■ Data:
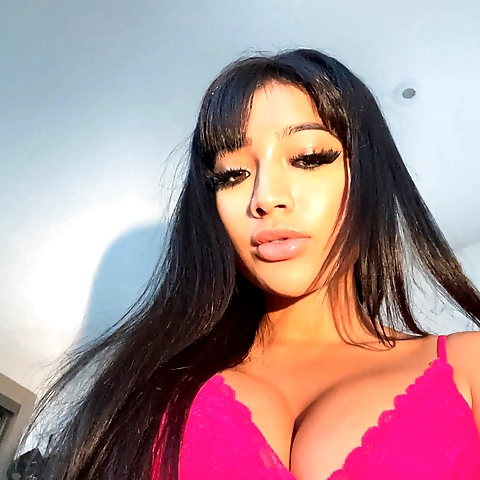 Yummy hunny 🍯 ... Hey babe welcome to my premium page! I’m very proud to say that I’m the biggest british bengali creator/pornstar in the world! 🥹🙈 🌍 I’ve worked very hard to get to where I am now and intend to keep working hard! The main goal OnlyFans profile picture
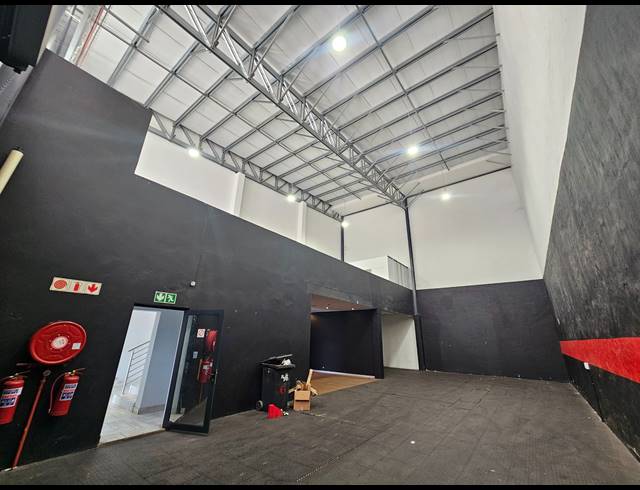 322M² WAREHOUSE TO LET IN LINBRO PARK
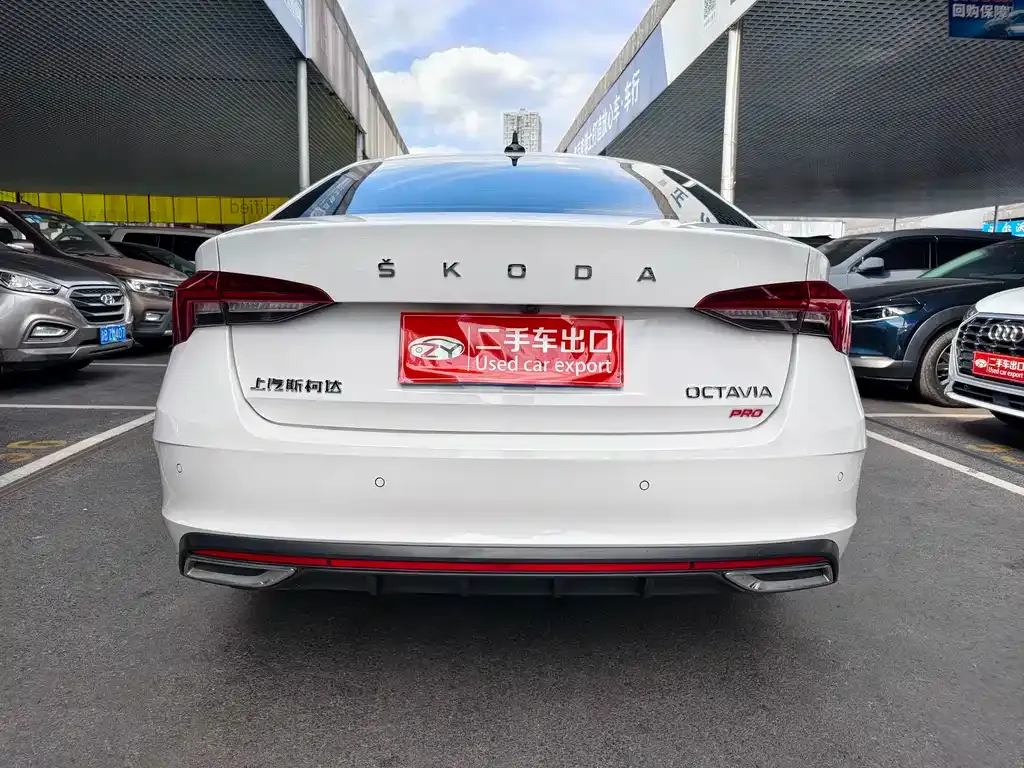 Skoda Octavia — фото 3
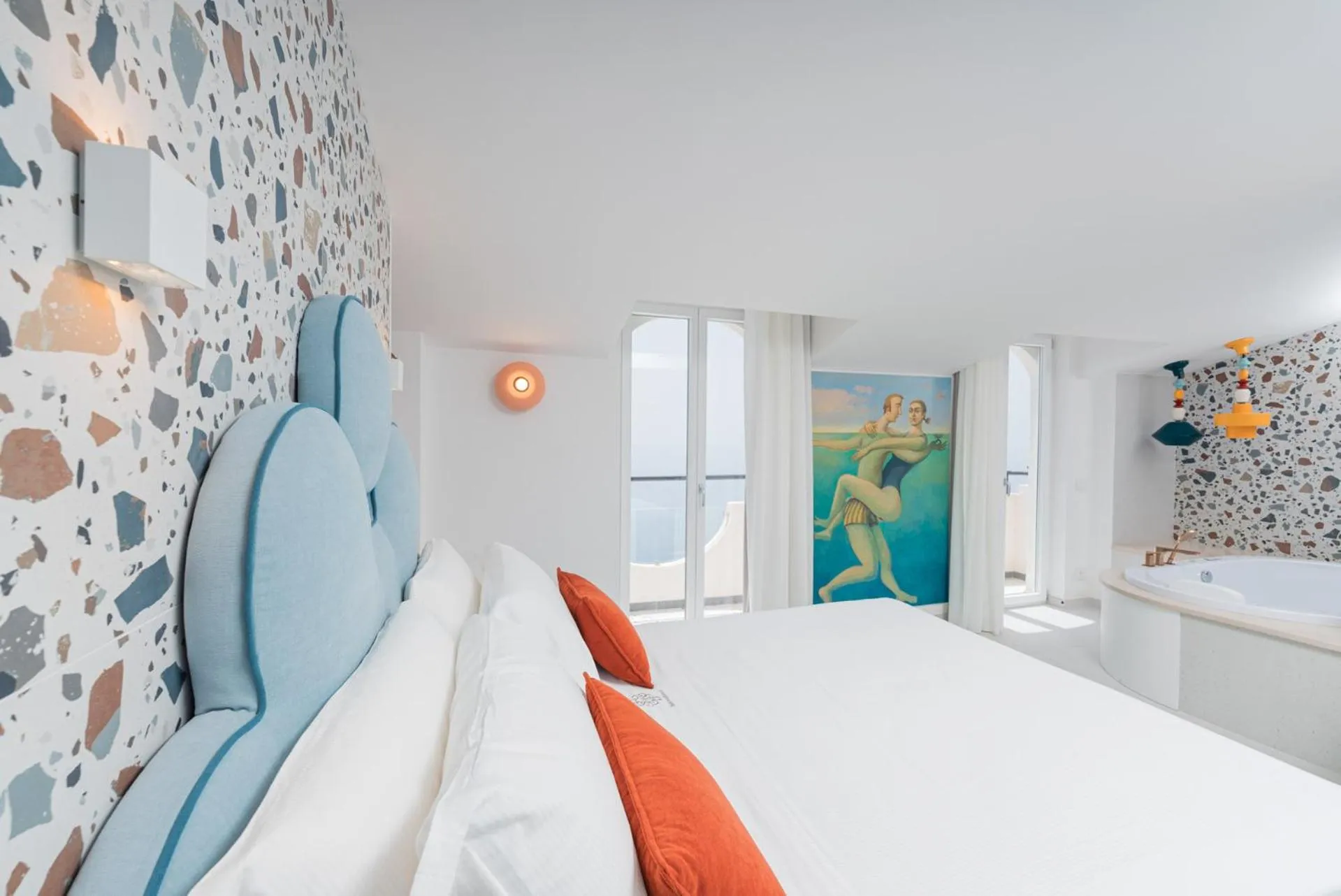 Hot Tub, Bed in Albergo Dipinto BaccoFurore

==

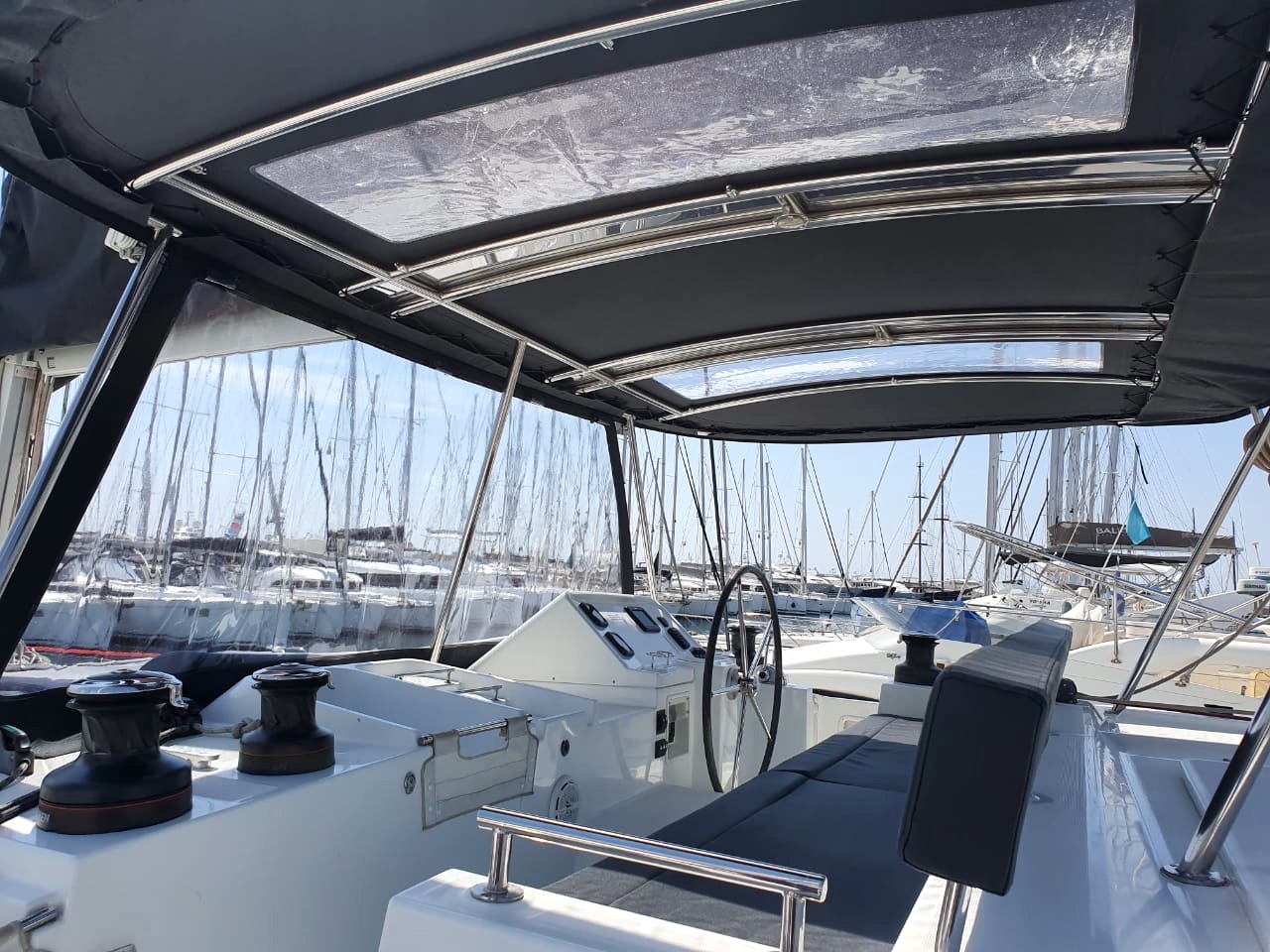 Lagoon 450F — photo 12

■ Requirement: From the entries above, copy exactly the lines starting at the one with "Yummy hunny 🍯" and stopping at the one with "Hot Tub, Bed in Albergo Dipinto BaccoFurore", keeping both ends. Drop the pictures.

■ Task output:
 Yummy hunny 🍯 ... Hey babe welcome to my premium page! I’m very proud to say that I’m the biggest british bengali creator/pornstar in the world! 🥹🙈 🌍 I’ve worked very hard to get to where I am now and intend to keep working hard! The main goal OnlyFans profile picture
 322M² WAREHOUSE TO LET IN LINBRO PARK
 Skoda Octavia — фото 3
 Hot Tub, Bed in Albergo Dipinto BaccoFurore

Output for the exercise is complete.